### What you have to do
Extract the line that contains "Defacto Z0817AZBK81 Siyah" and every line after it through the end of the records below, exactly as written, leaving out any pictures.

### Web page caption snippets
○ ○ ○ ○ ○ ○ ○
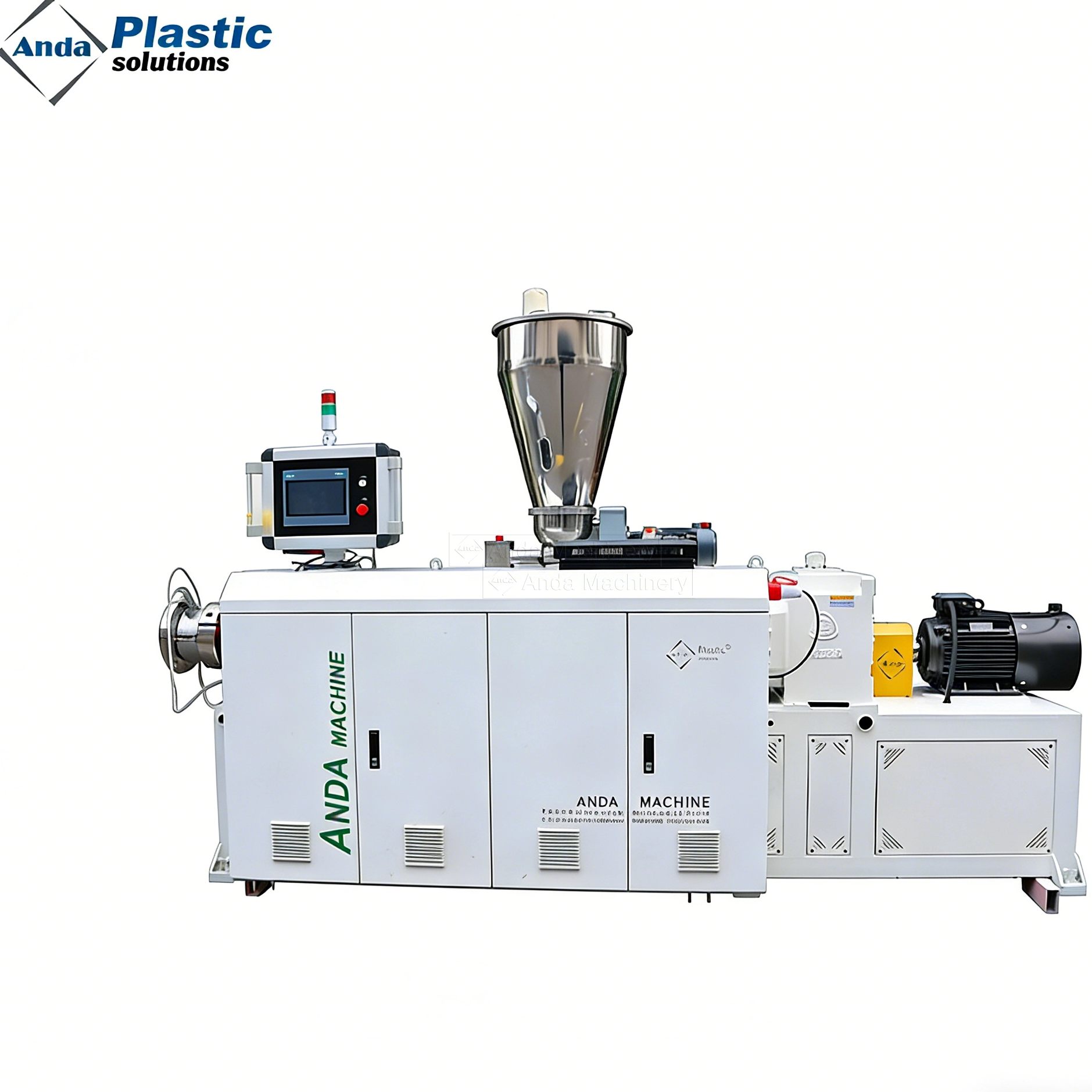 Anda Mesin Panel Dinding PVC & Lini Produksi Panel Bergalur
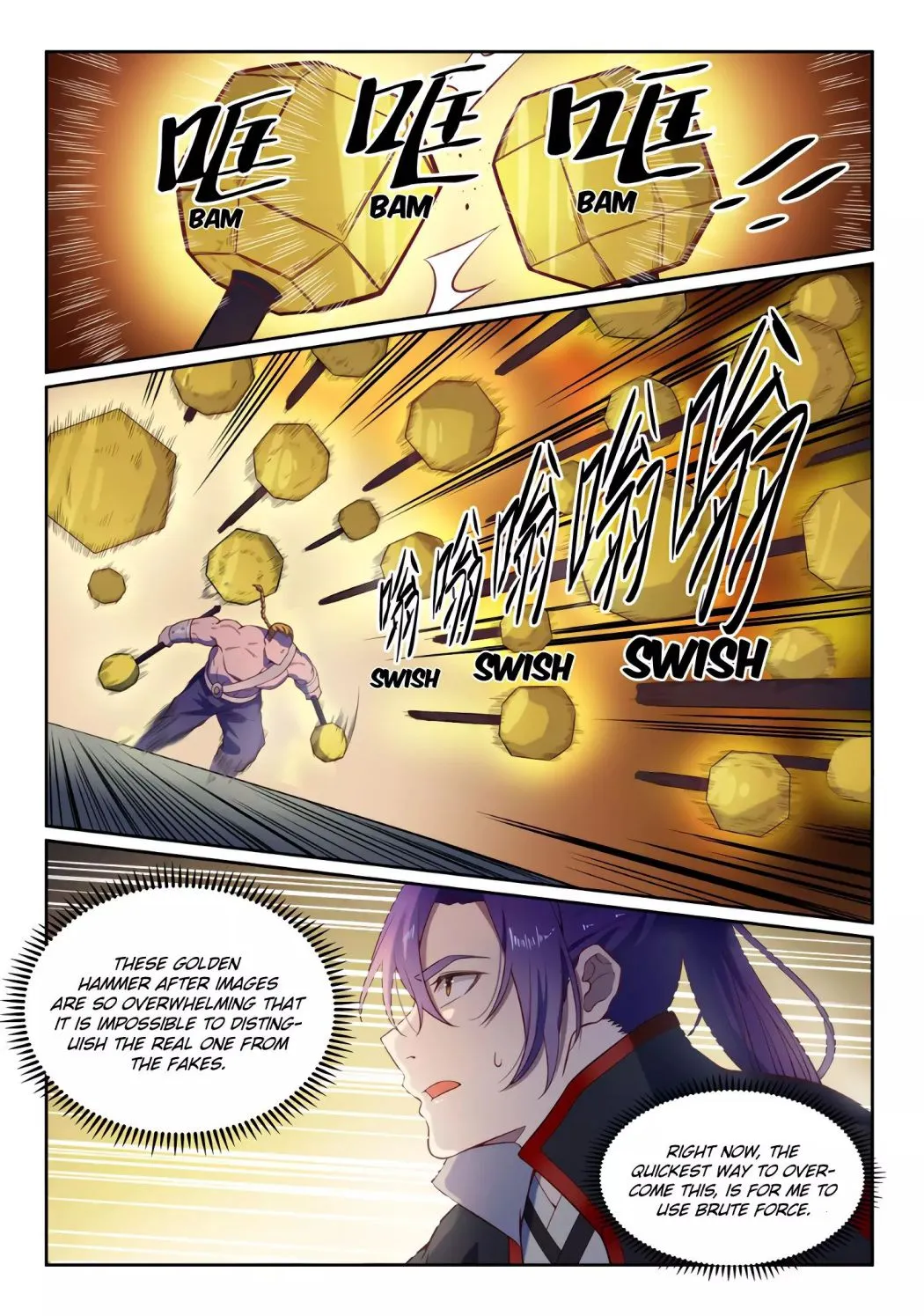 Apotheosis Kainu Manga Chapter 595 Page 11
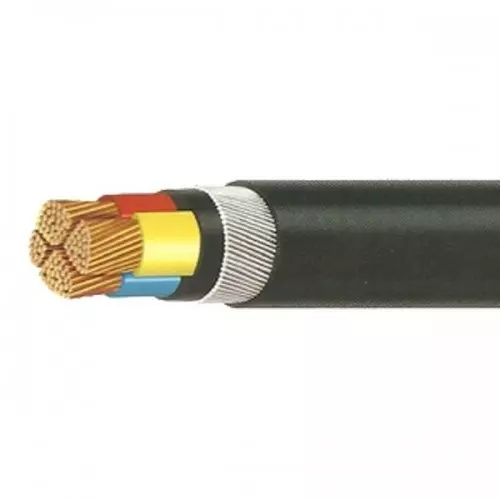 KEI 2.5 Sq.mm 12 Core Copper Conductor Unarmoured LT Control Cable 2XY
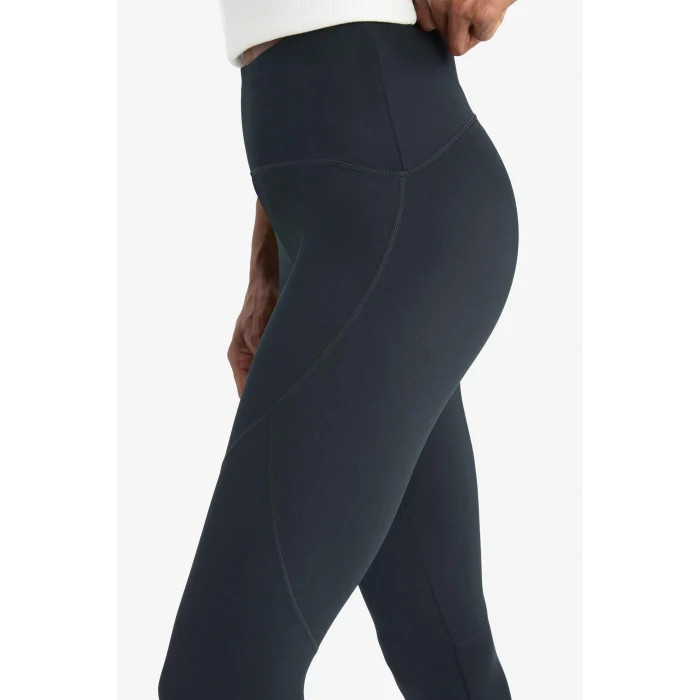 Defacto Z0817AZBK81 Siyah DeFactoFit Siyah Toparlayıcı Yüksek Bel Şekillendirici Esnek Sporcu Tayt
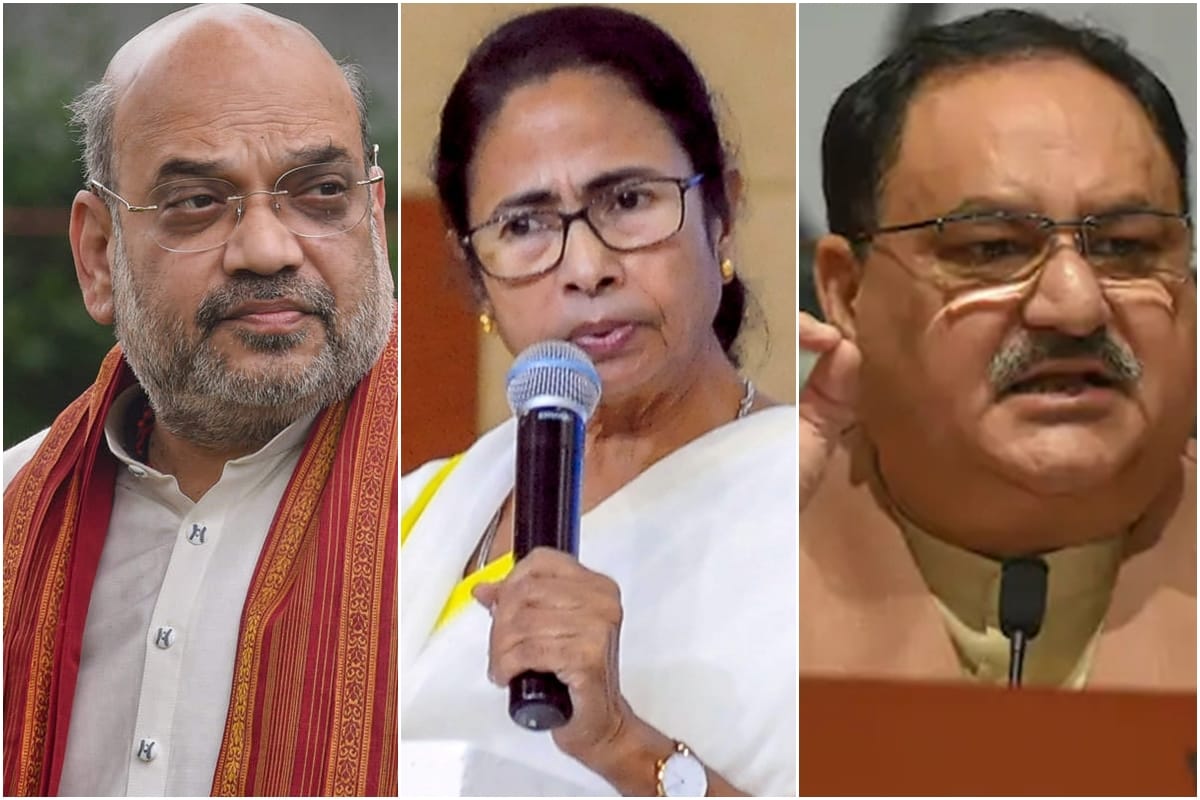 home minister amit shah will visit west bengal for two days on 19 an 20 december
○ ○ ○ ○ ○ ○ ○
### Response to this task
 Defacto Z0817AZBK81 Siyah DeFactoFit Siyah Toparlayıcı Yüksek Bel Şekillendirici Esnek Sporcu Tayt
 home minister amit shah will visit west bengal for two days on 19 an 20 december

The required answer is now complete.